The file size used by interbench is even less than 1GB, due to the limits of the rootfs. Typical values are around 100-200 MiB. It is written in an infinite loop until receiving the stop message (via pipe) from the controlling process. The check for the abort signal occurs after a completed write, not on block level.
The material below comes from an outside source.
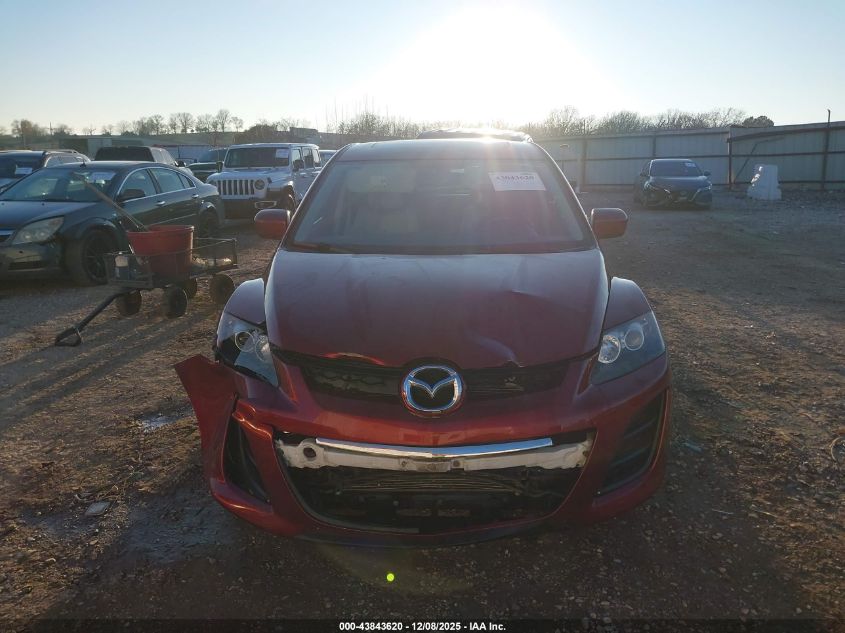 2011 Mazda Cx-7 I Touring VIN: JM3ER2C59B0380304 Lot: 43843620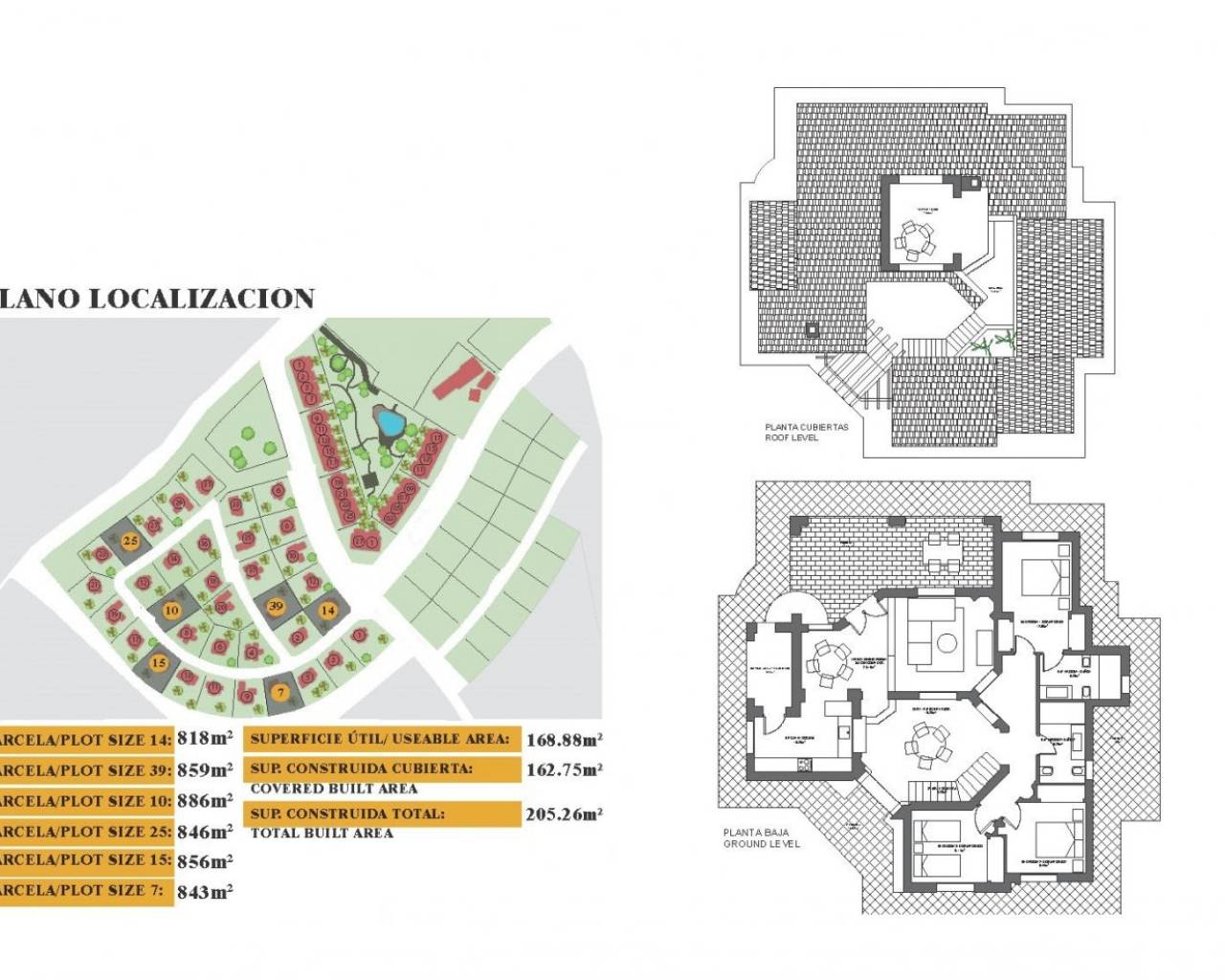 Nueva construcción  - Villas - Fuente Alamo de Murcia - Las Palas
I just noticed that interbench seems to have a bug itself: it uses only one processor - looks like a mangled cpu mask. Top output during the write benchmark:

Mem: 358024K used, 591224K free, 298516K shrd, 2504K buff, 299464K cached
CPU: 1.8% usr 23.1% sys 0.0% nic 74.9% idle 0.0% io 0.0% irq 0.0% sirq
Load average: 1.21 0.46 0.29 5/129 2116
PID PPID USER STAT VSZ %VSZ CPU %CPU COMMAND
2106 2105 root S 1228 0.1 0 23.6 interbench -r -t 60 -u -w Write -W
2109 2105 root S 1228 0.1 0 1.2 interbench -r -t 60 -u -w Write -W
1829 1274 root R 1600 0.1 2 0.0 top -d 5
22 2 root SW 0 0.0 0 0.0 [rcuc/0]
1270 2 root IW 0 0.0 0 0.0 [kworker/0:0-eve]
652 1 mpd S 27632 2.9 0 0.0 /usr/bin/mpd
2023 2021 root S 4476 0.4 0 0.0 sshd-session: root@notty
675 673 root S 4448 0.4 1 0.0 sshd-session: root@pts/0
673 601 root S 4140 0.4 0 0.0 sshd-session: root [priv]
2021 601 root S 4140 0.4 0 0.0 sshd-session: root [priv]
601 1 root S 3736 0.3 1 0.0 sshd: /usr/sbin/sshd [listener] 0
2024 2023 root S 3224 0.3 1 0.0 /usr/libexec/sftp-server
2025 2023 root S 3188 0.3 2 0.0 /usr/libexec/sftp-server
501 1 root S 1884 0.2 1 0.0 /usr/sbin/wpa_supplicant -B -P /va
131 1 root S 1672 0.1 0 0.0 /sbin/mdev -df
676 675 root S 1636 0.1 1 0.0 -sh
1274 605 root S 1636 0.1 1 0.0 -sh
605 1 root S 1592 0.1 1 0.0 /usr/sbin/telnetd -F
527 1 root S 1576 0.1 2 0.0 udhcpc -t1 -A2 -b -R -O search -O
1 0 root S 1576 0.1 0 0.0 init

I tried limiting interbench's rather excessive SCHED_FIFO priorities to values normal for the system, but without success.